[[ RECORDS SHOWN open ]]

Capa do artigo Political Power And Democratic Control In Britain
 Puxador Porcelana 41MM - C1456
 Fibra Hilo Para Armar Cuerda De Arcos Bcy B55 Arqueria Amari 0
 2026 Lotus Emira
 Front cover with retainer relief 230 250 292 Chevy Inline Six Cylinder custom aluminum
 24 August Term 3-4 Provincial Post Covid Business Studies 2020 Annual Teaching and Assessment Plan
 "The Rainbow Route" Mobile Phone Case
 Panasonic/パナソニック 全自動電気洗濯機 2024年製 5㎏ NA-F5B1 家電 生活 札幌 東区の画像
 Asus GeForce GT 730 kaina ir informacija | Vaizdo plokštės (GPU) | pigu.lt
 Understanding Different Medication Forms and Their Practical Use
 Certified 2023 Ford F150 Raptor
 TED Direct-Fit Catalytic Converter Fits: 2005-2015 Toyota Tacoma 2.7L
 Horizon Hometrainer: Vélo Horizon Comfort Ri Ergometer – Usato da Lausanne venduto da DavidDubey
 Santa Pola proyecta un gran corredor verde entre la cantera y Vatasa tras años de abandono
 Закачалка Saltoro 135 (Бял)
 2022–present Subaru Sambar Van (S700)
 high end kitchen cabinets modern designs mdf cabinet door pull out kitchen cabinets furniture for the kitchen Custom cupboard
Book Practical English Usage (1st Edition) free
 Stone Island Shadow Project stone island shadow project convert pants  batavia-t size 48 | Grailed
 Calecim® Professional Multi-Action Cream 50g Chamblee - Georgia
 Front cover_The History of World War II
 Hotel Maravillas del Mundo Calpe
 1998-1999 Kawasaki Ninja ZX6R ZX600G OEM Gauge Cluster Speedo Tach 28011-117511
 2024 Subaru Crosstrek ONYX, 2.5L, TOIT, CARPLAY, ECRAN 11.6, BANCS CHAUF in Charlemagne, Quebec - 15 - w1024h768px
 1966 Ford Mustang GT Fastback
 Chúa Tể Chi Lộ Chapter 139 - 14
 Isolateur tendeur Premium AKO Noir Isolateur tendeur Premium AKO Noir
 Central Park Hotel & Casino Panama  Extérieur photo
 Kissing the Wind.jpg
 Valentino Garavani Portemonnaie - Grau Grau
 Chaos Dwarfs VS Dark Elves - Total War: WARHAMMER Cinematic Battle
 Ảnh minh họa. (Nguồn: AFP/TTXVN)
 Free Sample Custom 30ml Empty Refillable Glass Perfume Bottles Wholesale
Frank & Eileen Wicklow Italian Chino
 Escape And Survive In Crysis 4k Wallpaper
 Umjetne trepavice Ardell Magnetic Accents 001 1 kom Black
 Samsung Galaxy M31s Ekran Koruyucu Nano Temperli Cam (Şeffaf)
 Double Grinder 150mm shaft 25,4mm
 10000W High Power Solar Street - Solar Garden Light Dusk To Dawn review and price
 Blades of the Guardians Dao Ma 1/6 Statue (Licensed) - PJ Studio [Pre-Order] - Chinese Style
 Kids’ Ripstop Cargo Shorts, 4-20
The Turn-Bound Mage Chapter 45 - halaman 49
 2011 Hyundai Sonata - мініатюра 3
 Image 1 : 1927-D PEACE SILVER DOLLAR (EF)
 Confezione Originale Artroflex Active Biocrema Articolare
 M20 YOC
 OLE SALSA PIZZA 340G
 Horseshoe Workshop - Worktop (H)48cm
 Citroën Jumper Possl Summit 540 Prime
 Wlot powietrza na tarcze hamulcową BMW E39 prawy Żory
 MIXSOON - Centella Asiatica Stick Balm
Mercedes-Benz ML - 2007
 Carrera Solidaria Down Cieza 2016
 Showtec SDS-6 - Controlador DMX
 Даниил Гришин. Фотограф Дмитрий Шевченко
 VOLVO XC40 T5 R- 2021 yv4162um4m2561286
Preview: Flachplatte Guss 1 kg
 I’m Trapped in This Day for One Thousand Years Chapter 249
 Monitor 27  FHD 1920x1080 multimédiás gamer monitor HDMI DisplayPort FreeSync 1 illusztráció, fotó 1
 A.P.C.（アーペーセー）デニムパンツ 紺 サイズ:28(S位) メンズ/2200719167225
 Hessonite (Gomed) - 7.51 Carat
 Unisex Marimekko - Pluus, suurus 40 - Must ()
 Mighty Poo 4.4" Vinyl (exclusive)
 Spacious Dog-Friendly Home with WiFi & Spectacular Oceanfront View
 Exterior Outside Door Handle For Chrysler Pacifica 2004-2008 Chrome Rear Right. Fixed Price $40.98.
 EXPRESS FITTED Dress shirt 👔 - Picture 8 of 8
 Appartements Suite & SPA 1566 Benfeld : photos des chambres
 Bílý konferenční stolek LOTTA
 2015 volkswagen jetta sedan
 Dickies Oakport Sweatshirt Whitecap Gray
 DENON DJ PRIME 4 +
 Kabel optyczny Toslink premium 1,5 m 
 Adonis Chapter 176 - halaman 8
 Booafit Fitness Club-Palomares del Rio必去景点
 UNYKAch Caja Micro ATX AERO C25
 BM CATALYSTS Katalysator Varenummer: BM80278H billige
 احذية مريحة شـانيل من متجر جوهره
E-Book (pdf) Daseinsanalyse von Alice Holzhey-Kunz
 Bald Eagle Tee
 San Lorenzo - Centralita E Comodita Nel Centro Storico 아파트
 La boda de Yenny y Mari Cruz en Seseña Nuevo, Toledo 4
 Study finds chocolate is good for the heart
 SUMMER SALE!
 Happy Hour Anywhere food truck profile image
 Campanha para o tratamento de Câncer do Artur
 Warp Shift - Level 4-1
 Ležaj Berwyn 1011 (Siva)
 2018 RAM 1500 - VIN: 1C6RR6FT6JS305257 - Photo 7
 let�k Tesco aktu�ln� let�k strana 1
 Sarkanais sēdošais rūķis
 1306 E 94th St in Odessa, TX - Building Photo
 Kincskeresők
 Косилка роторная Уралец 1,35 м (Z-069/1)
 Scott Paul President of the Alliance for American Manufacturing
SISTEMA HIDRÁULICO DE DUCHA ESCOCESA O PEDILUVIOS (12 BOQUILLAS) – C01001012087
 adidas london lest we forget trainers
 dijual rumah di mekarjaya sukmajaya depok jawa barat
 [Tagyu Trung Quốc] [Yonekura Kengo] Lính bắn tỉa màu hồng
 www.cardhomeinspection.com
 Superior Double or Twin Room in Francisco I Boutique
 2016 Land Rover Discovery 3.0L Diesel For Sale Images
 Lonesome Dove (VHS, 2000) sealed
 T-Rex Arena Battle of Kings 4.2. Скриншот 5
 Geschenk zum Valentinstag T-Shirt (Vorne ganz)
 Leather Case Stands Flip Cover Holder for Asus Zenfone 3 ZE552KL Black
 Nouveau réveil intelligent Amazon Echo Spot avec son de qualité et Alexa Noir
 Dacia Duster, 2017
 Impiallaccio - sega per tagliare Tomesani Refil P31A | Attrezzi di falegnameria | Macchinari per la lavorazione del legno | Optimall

[[ RECORDS SHOWN closed ]]

PROBLEM REQUIREMENTS: Scan the records above. Return every line with "Case" in it.

FINISHED EXERCISE:
 "The Rainbow Route" Mobile Phone Case
 Leather Case Stands Flip Cover Holder for Asus Zenfone 3 ZE552KL Black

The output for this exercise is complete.